*Records for this task*.

━━━━━━

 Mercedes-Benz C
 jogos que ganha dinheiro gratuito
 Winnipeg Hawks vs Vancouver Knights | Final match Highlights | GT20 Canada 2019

━━━━━━

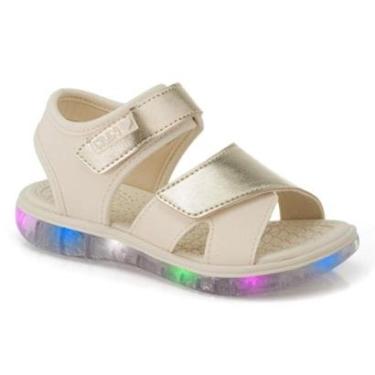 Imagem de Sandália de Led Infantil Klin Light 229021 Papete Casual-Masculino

━━━━━━

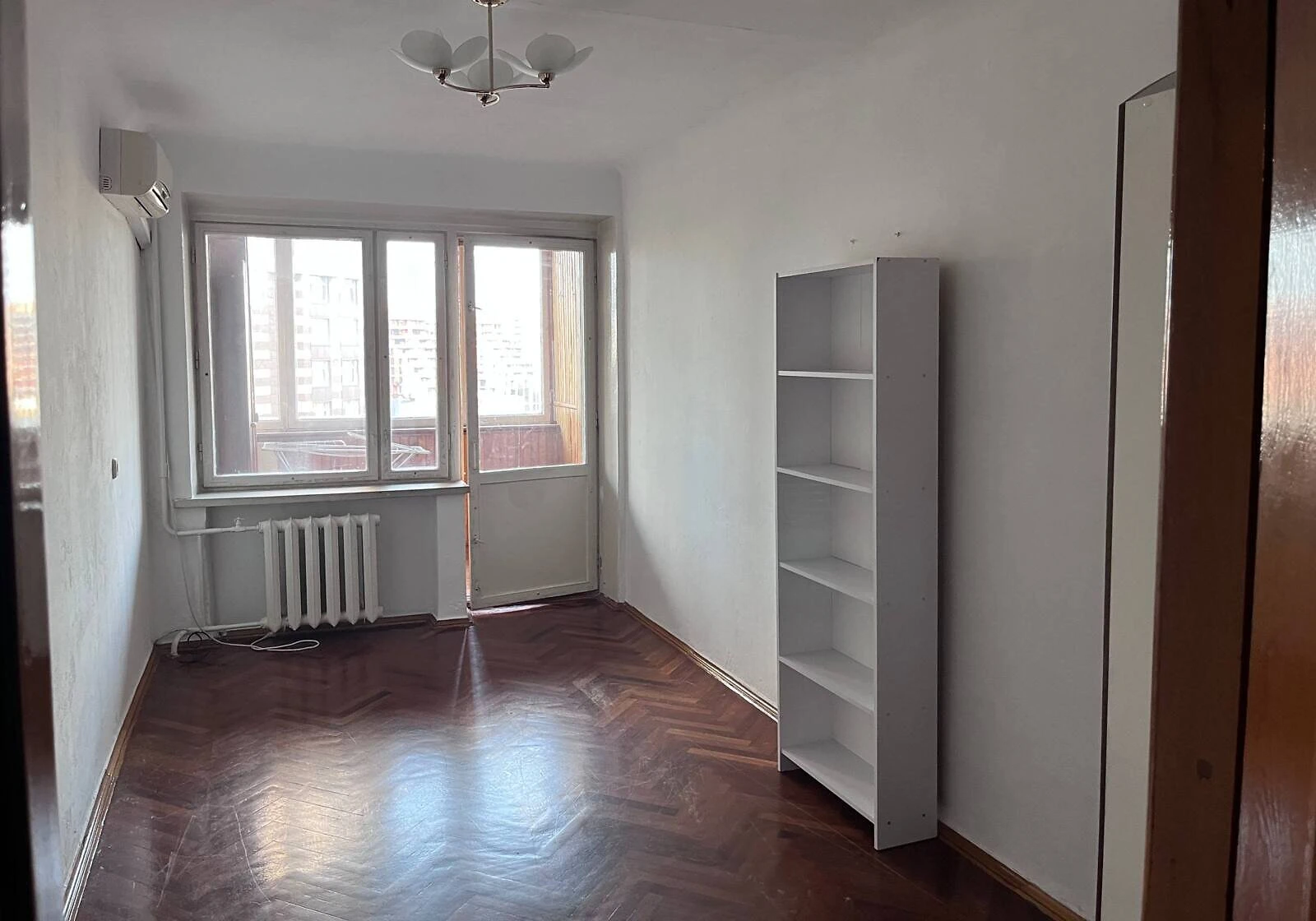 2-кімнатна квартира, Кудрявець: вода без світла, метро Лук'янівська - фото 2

━━━━━━

*Your assignment*.
The expected output is exactly the lines of the listing above between the line holding "Mercedes-Benz C" and the line holding "Winnipeg Hawks vs", inclusive.

*Answer space*.
 Mercedes-Benz C
 jogos que ganha dinheiro gratuito
 Winnipeg Hawks vs Vancouver Knights | Final match Highlights | GT20 Canada 2019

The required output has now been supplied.